I've posted the same question on stack overflow to try to maximize reach here & potentially raise this issue to Databricks.

I am trying to query delta tables from my AWS Glue Catalog on Databricks SQL Engine. They are stored in Delta Lake format. I have glue crawlers automating schemas. The catalog is setup & functioning with non Delta Tables. The setup via databricks loads the available tables per database via the catalog & but the query fails due to databricks using hive instead of delta to read.

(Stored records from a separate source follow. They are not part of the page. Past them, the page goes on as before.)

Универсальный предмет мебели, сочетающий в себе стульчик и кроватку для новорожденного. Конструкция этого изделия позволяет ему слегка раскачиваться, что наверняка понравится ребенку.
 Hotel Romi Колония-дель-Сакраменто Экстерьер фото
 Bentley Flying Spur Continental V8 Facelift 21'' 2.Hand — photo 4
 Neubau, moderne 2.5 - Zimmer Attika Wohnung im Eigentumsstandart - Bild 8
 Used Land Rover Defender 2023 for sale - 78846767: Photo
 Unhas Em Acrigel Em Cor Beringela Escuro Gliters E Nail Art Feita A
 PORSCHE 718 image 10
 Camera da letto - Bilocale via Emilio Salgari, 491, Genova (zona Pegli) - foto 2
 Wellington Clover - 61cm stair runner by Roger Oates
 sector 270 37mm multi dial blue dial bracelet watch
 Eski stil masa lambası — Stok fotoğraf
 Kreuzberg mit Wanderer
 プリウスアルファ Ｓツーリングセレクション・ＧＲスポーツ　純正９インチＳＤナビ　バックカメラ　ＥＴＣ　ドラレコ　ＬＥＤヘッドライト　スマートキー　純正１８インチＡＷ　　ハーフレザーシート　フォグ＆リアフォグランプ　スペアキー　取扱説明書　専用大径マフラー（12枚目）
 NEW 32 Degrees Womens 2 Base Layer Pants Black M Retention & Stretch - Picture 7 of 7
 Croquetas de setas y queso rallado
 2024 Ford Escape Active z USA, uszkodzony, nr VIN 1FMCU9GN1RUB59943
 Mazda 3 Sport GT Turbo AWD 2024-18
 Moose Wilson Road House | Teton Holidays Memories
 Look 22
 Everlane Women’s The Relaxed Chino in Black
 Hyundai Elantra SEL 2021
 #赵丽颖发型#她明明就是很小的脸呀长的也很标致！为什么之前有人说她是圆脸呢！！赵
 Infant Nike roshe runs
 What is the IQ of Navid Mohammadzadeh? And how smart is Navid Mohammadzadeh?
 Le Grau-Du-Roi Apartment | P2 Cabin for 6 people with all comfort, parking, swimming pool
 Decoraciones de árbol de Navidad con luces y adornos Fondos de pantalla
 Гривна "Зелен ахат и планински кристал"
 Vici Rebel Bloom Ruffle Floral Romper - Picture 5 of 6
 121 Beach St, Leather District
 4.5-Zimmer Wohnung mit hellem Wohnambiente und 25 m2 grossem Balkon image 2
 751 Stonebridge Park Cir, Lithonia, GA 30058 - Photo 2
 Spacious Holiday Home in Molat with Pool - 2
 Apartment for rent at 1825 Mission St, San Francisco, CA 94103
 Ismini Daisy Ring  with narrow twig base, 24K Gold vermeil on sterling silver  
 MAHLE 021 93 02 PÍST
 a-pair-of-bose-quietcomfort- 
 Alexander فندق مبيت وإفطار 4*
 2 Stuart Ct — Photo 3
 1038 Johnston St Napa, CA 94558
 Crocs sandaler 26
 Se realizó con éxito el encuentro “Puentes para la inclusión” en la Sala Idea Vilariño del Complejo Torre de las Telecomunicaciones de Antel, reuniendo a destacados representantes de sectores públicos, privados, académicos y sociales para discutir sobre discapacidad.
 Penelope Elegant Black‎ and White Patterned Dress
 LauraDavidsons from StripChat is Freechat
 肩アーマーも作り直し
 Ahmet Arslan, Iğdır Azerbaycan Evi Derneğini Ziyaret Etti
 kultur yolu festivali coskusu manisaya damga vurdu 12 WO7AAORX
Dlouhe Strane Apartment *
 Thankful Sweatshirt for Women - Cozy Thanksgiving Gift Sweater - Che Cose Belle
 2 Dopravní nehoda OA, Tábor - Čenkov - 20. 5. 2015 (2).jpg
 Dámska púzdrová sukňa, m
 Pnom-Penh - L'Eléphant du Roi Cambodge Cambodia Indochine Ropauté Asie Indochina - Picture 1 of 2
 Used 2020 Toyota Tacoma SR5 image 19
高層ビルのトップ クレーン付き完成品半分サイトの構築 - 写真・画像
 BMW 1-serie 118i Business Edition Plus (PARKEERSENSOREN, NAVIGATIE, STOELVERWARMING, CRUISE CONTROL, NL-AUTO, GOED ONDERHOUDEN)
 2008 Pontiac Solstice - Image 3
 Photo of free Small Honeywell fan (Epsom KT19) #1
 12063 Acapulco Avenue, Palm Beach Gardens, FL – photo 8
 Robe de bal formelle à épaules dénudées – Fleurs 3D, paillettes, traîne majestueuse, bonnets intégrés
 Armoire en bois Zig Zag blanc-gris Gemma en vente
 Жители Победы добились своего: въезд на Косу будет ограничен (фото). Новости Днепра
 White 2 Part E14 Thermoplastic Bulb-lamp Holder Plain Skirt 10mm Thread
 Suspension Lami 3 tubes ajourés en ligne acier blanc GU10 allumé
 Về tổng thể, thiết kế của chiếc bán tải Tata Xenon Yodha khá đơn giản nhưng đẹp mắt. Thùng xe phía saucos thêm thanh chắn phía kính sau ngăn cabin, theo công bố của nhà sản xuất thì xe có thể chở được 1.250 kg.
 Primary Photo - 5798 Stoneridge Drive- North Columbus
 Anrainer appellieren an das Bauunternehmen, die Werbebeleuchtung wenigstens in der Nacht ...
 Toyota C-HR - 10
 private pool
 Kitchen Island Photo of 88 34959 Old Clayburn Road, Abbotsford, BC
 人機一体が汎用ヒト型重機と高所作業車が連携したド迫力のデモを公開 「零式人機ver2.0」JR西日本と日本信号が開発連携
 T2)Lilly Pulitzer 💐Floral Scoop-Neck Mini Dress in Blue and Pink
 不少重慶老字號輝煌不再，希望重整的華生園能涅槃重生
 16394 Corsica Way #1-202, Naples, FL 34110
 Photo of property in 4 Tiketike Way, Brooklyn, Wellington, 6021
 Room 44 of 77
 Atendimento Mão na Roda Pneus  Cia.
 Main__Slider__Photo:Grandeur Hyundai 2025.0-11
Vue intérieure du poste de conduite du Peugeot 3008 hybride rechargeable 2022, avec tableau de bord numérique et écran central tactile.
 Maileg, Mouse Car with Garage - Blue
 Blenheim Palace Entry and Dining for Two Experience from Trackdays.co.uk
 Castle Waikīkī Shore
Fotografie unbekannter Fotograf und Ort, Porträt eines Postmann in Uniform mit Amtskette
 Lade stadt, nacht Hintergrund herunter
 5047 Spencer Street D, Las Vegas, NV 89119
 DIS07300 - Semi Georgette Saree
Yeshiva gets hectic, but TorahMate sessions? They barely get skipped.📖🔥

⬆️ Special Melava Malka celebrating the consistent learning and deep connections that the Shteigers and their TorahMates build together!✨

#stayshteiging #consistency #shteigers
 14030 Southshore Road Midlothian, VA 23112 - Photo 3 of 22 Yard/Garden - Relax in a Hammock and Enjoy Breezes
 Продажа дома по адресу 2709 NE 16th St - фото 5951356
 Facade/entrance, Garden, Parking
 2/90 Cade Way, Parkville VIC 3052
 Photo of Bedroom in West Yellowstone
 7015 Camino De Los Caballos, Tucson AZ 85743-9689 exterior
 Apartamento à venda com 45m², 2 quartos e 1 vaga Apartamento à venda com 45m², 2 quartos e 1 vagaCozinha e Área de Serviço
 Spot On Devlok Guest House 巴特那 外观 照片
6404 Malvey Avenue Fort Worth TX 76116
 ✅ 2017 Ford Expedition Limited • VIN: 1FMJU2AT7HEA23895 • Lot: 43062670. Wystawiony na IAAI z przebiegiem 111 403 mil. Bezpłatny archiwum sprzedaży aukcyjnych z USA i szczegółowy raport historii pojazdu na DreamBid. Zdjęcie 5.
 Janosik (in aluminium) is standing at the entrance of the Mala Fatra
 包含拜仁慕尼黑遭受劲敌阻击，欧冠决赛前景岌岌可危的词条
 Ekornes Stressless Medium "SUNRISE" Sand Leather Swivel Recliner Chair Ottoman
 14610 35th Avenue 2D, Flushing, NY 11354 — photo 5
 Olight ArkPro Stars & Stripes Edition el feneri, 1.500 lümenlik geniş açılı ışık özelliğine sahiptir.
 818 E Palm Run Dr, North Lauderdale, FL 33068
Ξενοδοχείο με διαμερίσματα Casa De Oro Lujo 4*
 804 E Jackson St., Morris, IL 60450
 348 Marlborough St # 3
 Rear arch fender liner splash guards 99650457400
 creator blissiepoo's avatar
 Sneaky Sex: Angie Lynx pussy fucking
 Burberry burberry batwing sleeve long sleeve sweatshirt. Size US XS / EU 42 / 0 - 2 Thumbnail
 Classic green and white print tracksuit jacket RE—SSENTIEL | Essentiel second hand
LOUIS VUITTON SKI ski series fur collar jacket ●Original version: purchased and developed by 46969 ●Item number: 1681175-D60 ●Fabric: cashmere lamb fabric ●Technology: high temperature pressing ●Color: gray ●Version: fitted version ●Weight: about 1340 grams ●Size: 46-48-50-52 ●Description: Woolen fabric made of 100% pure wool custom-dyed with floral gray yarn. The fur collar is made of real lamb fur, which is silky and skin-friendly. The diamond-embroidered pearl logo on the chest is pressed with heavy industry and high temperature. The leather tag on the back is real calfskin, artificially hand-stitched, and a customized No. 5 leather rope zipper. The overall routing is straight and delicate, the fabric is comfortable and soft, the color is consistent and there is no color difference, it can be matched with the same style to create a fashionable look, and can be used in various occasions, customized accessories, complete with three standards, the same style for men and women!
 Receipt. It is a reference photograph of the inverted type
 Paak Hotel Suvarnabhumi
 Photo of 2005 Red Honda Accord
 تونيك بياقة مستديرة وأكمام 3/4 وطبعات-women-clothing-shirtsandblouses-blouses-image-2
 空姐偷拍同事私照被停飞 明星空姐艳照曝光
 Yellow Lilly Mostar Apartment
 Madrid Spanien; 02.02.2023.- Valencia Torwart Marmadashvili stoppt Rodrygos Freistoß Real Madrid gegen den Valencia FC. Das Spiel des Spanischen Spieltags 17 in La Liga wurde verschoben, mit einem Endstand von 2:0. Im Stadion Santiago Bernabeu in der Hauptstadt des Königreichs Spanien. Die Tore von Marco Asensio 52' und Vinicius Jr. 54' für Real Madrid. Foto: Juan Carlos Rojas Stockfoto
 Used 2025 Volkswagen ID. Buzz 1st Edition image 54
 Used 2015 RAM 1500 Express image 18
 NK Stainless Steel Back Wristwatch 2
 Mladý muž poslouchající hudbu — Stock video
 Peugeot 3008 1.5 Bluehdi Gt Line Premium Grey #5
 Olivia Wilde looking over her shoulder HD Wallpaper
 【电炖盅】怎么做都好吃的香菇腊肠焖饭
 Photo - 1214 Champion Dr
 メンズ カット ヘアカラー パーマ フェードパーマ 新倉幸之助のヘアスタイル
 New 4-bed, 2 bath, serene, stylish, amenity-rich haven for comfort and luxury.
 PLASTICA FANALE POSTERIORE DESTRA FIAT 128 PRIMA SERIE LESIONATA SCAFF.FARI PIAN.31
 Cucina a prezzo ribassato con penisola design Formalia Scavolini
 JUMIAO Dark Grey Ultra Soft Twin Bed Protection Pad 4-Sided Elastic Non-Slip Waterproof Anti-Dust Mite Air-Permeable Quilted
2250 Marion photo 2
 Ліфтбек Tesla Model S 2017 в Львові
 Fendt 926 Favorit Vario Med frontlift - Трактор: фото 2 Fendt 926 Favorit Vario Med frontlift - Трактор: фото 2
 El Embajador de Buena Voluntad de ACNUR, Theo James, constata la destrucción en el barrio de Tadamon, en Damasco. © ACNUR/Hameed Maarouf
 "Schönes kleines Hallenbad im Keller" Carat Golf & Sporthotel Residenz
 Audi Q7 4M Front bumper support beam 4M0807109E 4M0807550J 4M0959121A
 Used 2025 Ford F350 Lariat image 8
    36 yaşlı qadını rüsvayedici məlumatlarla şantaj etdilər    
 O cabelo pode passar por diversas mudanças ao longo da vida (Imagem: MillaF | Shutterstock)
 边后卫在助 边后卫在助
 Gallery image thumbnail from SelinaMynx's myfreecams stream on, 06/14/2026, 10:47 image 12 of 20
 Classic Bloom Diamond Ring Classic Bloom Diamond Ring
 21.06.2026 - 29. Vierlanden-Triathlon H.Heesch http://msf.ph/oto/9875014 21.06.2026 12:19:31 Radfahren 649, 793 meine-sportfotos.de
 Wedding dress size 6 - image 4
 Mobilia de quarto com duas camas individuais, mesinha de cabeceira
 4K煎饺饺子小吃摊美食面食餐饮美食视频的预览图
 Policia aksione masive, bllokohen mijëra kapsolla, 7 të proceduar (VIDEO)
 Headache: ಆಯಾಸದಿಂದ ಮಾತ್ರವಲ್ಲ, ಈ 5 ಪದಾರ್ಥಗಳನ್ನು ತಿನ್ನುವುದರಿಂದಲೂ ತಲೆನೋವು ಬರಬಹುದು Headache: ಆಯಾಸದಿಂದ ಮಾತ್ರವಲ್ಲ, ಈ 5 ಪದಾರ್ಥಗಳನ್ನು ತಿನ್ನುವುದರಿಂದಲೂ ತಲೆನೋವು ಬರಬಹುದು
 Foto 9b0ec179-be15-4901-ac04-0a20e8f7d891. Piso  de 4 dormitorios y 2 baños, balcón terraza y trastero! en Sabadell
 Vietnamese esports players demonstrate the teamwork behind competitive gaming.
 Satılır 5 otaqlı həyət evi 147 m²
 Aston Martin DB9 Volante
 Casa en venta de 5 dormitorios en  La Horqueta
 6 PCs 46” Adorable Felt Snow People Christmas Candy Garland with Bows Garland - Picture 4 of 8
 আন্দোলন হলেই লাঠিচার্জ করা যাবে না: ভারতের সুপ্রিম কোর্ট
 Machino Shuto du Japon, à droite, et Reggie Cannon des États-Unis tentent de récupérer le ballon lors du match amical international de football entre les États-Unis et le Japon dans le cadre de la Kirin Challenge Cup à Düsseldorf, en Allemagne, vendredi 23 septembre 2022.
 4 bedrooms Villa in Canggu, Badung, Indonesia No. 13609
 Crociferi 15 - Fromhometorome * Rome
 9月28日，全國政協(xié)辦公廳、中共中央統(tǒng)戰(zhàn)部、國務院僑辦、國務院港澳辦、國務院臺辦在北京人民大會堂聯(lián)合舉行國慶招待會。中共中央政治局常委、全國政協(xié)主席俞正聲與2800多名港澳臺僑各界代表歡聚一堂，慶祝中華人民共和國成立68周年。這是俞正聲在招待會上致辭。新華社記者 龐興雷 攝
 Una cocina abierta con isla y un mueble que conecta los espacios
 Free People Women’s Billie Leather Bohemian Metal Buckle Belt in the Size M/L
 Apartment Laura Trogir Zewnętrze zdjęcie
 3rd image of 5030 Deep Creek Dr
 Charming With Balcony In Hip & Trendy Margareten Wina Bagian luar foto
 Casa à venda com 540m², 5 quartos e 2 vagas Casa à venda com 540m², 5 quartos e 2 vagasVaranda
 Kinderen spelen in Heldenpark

Incompatible format detected.
 
A transaction log for Databricks Delta was found at `s3://COMPANY/club/attachment/_delta_log`,
but you are trying to read from `s3://COMPANY/club/attachment` using format("hive"). You must use
'format("delta")' when reading and writing to a delta table.
 
To disable this check, SET spark.databricks.delta.formatCheck.enabled=false
To learn more about Delta, see https://docs.databricks.com/delta/index.html

SQL Warehouse settings => Data Access Configuration

spark.databricks.hive.metastore.glueCatalog.enabled : true

The crawler using DELTA LAKE setup from AWS produces the following table metadata

{
    "StorageDescriptor": {
        "cols": {
            "FieldSchema": [
                {
                    "name": "id",
                    "type": "string",
                    "comment": ""
                },
                {
                    "name": "media",
                    "type": "string",
                    "comment": ""
                },
                {
                    "name": "media_type",
                    "type": "string",
                    "comment": ""
                },
                {
                    "name": "title",
                    "type": "string",
                    "comment": ""
                },
                {
                    "name": "type",
                    "type": "smallint",
                    "comment": ""
                },
                {
                    "name": "clubmessage_id",
                    "type": "string",
                    "comment": ""
                }
            ]
        },
        "location": "s3://COMPANY/club/attachment/_symlink_format_manifest",
        "inputFormat": "org.apache.hadoop.hive.ql.io.SymlinkTextInputFormat",
        "outputFormat": "org.apache.hadoop.hive.ql.io.HiveIgnoreKeyTextOutputFormat",
        "compressed": "false",
        "numBuckets": "-1",
        "SerDeInfo": {
            "name": "",
            "serializationLib": "org.apache.hadoop.hive.ql.io.parquet.serde.ParquetHiveSerDe",
            "parameters": {}
        },
        "bucketCols": [],
        "sortCols": [],
        "parameters": {
            "UPDATED_BY_CRAWLER": "CRAWLER_NAME",
            "CrawlerSchemaSerializerVersion": "1.0",
            "CrawlerSchemaDeserializerVersion": "1.0",
            "classification": "parquet"
        },
        "SkewedInfo": {},
        "storedAsSubDirectories": "false"
    },
    "parameters": {
        "UPDATED_BY_CRAWLER": "CRAWLER_NAME",
        "CrawlerSchemaSerializerVersion": "1.0",
        "CrawlerSchemaDeserializerVersion": "1.0",
        "classification": "parquet"
    }
}

5 REPLIES 5

nickagel
New Contributor III

I have an intermediate solution to get it working with databricks. But I don't think this is a proper solution for the problem at hand

{
            "Sid": "BlockDeltaLog",
            "Effect": "Deny",
            "Action": "s3:*",
            "Resource": [
                "arn:aws:s3:::BUCKET"
            ],
            "Condition": {
                "StringLike": {
                    "s3:prefix": [
                        "**_delta_log/**"
                    ]
                }
            }
        }

Hubert-Dudek
Esteemed Contributor III

By default AWS Glue support only parquet.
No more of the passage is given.